Chua C K, Chandran V, Acharya Rajendra, Lim C M
Department of Electronics and Computer Engineering, Ngee Ann Polytechnic, Singapore.
Annu Int Conf IEEE Eng Med Biol Soc. 2007;2007:6496-9. doi: 10.1109/IEMBS.2007.4353847.

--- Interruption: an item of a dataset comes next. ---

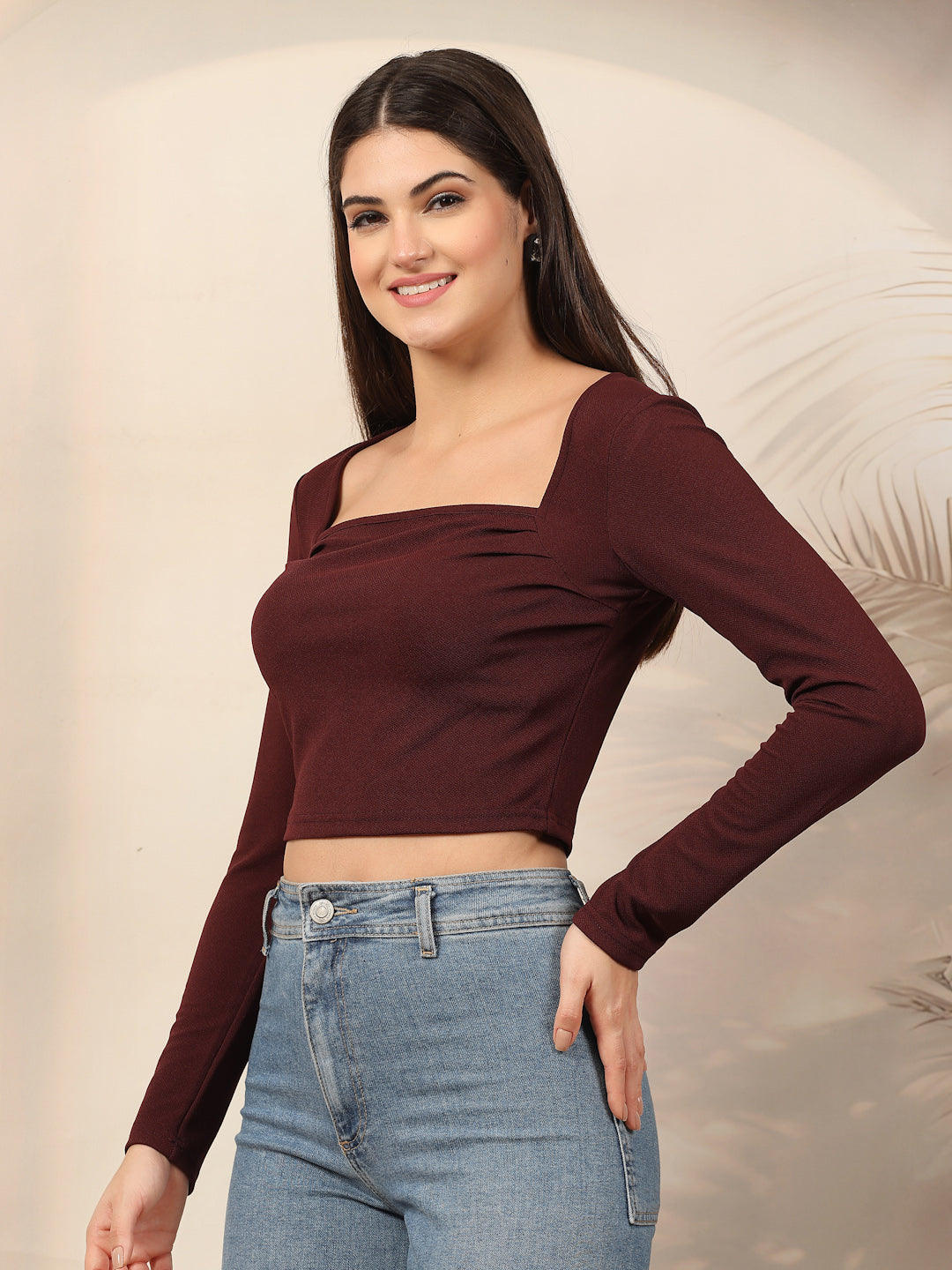 Woman wearing a wine long-sleeve top and blue jeans against a neutral background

Epilepsy is a neurological condition, which affects the nervous system. Automatic seizure detection is very important in clinical practice and has to be achieved by analyzing the Electroencephalogram (EEG). Seizures are the clinical manifestations of excessive and hypersynchronous activity of the neurons in the cerebral cortex and represent one of the most frequent malfunctions of the human central nervous system. Therefore, the search for precursors and predictors of a seizure in the human EEG is of utmost clinical relevance and may even lead to a deeper understanding of the seizure generating mechanisms. In this paper, the normal, pre-ictal (background) and ictal (epileptic) EEG signals are studied using higher order spectra. HOS based measures are shown to be able to distinguish epileptic EEG from normal and background EEG with high confident level (p-value of less than 0.05).
癫痫是一种影响神经系统的神经疾病。自动癫痫发作检测在临床实践中非常重要,必须通过分析脑电图(EEG)来实现。癫痫发作是大脑皮层神经元过度和超同步活动的临床表现,是人类中枢神经系统最常见的故障之一。因此,在人类脑电图中寻找癫痫发作的先兆和预测因素具有至关重要的临床意义,甚至可能有助于更深入地理解癫痫发作的产生机制。在本文中,使用高阶谱对正常、发作前(背景)和发作期(癫痫)脑电图信号进行了研究。基于高阶谱的测量方法能够以高置信水平(p值小于0.05)将癫痫脑电图与正常和背景脑电图区分开来。